The Precision Problem
Embedding-based retrieval is fast but imprecise. A bi-encoder embeds the query and each document independently, then compares them via cosine similarity. This works because the embeddings capture semantic meaning -- "quarterly revenue" and "Q3 earnings" end up close together in vector space even though they share no words.
But independent encoding has a fundamental limitation: the query embedding and the document embedding never see each other during computation. The bi-encoder must compress all possible query-relevant information about a document into a single fixed-dimensional vector before it knows what the query will be. This means it can't attend to which parts of a document are relevant to a specific query.
Consider a 10-page financial report. The bi-encoder produces one embedding for the whole document (or one per page/chunk). When you search for "EMEA region growth rate," the embedding must have captured EMEA-related information alongside everything else in the document. If the EMEA discussion is 2 sentences in a 500-word chunk, those 2 sentences contribute a small fraction of the overall embedding -- diluted by the surrounding content about other regions.
A cross-encoder solves this by processing the query and document together. It concatenates them into a single input sequence and runs full bidirectional attention across both. Every token in the query can attend to every token in the document and vice versa.

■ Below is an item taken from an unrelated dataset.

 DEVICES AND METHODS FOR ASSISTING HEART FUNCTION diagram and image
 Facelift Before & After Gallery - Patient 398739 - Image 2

The model can learn that "EMEA region growth rate" in the query should attend specifically to the sentence mentioning "European and Middle Eastern markets grew 12% year-over-year" in the document.
This is why cross-encoder rerankers consistently improve retrieval quality by 5-15% on standard benchmarks. The quality improvement comes from the architectural difference, not from having more parameters or better training data.

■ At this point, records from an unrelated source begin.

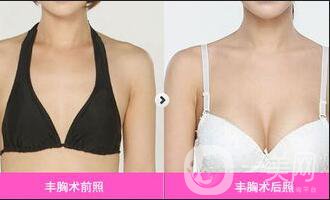 乳房再造整形手術價格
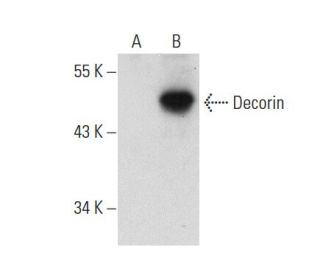 Decorin Antibody (9XX) - Western Blotting - Image 55513 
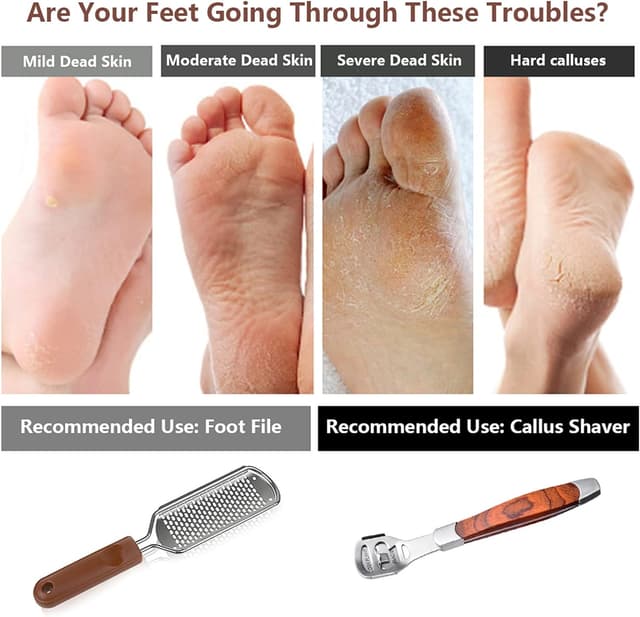 Thumbnail 4 de Colossal Foot Rasp & Wood Handle Callus Shaver 10 pack 🪮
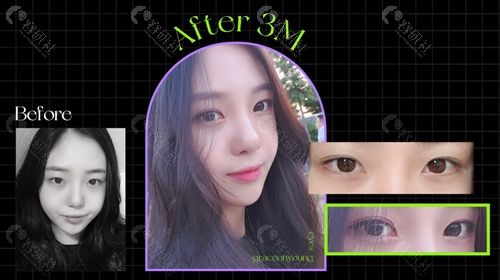 韩国格瑞斯噢爱美整形外科双眼皮术前和术后3个月图片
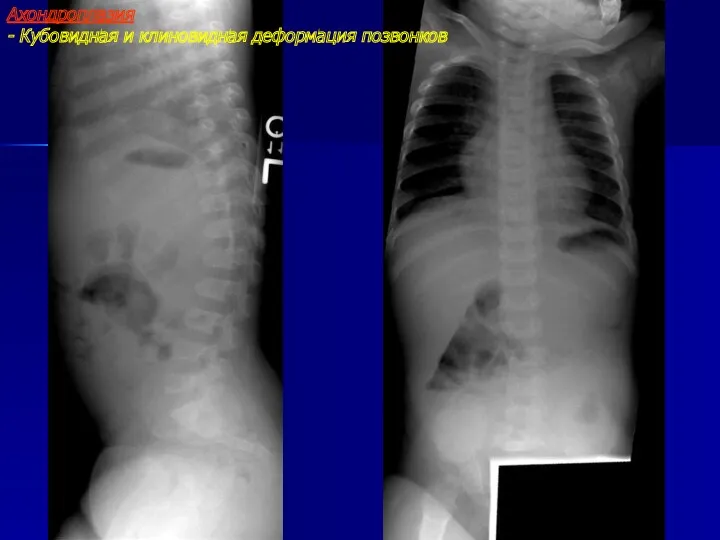 Ахондроплазия - Кубовидная и клиновидная деформация позвонков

Bi-Encoder vs Cross-Encoder: The Architecture
Understanding the difference between bi-encoders and cross-encoders is essential for designing retrieval systems.
Bi-Encoder (Embedding Model)
A bi-encoder processes query and document independently through the same (or separate) encoder networks:
Query: "EMEA growth rate" Document: "Markets in Europe grew 12%..."
[Encoder] [Encoder]
q_vec (768-dim) d_vec (768-dim)
+---------- cosine(q, d) ---------+
|
score: 0.73
The key property: the document embedding is computed once at index time and stored. At query time, only the query needs to be encoded. Then a fast nearest-neighbor search (HNSW, IVF) finds the top-K closest document vectors.
Latency: O(1) per query encoding + O(log N) for ANN search over N documents.
Cross-Encoder (Reranker)
A cross-encoder processes query and document jointly as a single concatenated input:
Input: "[CLS] EMEA growth rate [SEP] Markets in Europe grew 12%... [SEP]"
|
[Transformer with full cross-attention]
|
relevance score: 0.91
Every token attends to every other token across both query and document. The [CLS] token's final hidden state (or the logits of a classification head) is the relevance score.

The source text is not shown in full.